Although finished coils often appear visually straight and well-wound, the internal transverse tension differential remains locked within the roll. When the coil is later mounted on the next process line and unwound, this hidden imbalance frequently manifests as web misalignment, edge waving, or coil collapse.
As a downstream user of the coil, one has virtually no control over the original tight-/loose-edge condition. However, by installing a transverse tension balancing roller immediately after the unwind station, it becomes possible to quantitatively characterize the severity of the problem. A tilt-angle sensor measures the oscillation angle of the balancing roller under transverse tension differences and outputs this data to the host system.

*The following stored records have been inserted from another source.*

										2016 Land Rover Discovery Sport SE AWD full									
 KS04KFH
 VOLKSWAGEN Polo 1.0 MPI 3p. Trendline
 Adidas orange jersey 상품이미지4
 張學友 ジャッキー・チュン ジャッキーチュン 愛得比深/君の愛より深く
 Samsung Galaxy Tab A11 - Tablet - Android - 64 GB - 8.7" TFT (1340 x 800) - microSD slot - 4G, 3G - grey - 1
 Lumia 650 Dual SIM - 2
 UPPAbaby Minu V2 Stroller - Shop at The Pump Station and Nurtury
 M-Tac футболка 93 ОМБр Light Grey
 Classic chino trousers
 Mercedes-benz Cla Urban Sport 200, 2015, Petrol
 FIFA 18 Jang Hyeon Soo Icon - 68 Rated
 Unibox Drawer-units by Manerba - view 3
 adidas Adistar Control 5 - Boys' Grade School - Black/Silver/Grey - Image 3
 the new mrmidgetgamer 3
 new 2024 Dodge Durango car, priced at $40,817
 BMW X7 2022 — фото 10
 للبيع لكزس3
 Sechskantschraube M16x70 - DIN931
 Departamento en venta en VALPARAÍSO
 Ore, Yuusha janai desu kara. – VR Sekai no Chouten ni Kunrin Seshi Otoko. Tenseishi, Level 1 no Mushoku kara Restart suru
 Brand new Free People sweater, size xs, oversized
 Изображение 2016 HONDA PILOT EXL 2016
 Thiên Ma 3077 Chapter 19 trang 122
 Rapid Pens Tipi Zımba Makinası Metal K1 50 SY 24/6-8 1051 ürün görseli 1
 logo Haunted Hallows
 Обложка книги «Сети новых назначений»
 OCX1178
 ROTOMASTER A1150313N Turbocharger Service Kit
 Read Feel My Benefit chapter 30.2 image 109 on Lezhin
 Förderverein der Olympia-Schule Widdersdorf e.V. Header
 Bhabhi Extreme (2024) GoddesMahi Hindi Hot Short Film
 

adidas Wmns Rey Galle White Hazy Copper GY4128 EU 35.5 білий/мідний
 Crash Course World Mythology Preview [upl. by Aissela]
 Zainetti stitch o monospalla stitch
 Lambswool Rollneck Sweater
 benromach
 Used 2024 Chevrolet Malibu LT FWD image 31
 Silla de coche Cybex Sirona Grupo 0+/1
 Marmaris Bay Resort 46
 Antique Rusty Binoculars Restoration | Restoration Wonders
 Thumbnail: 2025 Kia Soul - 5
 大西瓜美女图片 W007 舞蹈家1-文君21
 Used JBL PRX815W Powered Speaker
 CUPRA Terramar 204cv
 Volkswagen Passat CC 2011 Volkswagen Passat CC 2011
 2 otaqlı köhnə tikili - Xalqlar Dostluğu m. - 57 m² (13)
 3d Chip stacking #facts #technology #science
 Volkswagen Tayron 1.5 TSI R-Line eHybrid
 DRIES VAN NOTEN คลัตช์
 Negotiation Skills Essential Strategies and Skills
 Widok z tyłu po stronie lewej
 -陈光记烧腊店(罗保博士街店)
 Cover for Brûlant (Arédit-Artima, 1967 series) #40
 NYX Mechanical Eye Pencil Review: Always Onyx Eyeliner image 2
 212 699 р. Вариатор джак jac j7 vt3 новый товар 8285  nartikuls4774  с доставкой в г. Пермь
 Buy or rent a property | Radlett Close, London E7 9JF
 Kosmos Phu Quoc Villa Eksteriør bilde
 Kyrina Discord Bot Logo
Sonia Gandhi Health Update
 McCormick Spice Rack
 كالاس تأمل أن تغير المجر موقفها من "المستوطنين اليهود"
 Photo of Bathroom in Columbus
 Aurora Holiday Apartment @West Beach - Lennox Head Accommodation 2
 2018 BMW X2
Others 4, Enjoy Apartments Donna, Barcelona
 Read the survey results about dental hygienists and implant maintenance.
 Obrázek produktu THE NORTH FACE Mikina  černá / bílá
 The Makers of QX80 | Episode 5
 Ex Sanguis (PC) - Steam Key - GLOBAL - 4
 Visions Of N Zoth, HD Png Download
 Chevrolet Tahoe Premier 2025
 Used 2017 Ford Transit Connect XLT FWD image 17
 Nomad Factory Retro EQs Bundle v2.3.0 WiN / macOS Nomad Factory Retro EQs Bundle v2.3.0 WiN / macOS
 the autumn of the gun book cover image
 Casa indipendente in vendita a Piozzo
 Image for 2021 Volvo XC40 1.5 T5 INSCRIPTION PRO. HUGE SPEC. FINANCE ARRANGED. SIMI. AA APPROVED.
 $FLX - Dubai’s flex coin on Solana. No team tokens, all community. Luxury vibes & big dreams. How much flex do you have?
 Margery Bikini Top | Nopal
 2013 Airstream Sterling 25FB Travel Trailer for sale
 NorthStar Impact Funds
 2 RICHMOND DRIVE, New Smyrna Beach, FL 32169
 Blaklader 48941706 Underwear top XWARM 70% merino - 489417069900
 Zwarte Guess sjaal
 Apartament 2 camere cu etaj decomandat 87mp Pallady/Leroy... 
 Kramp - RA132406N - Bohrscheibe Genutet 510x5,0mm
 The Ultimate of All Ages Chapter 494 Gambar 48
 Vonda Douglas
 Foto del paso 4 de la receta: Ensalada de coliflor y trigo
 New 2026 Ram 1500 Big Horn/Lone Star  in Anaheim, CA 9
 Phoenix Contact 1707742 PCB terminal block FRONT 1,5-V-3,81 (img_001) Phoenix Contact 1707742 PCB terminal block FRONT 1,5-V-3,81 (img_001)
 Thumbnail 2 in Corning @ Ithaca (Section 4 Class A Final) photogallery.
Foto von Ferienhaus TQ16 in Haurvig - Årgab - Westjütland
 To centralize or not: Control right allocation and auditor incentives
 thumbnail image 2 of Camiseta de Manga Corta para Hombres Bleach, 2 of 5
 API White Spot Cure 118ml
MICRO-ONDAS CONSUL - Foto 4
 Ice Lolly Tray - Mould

By plotting material displacement (x-axis) against roller tilt angle (y-axis), and applying statistical indicators, operators can readily evaluate:
1、the consistency of a single coil from lead to tail,
2、the uniformity across coils within the same batch,
3、and even compare consistency between different batches.
These measurements provide clear, actionable references for process optimization. More importantly, they clarify the interaction between web material behavior and equipment dynamics, turning vague, experience-based judgments into quantifiable, visible data. The lateral tension balancing roller operates on a seesaw principle: when tension differs between the two sides of the web, the roller automatically tilts until equilibrium is restored. Sensitivity can also be deliberately configured, allowing the roller to respond differently depending on the magnitude of the transverse tension differential.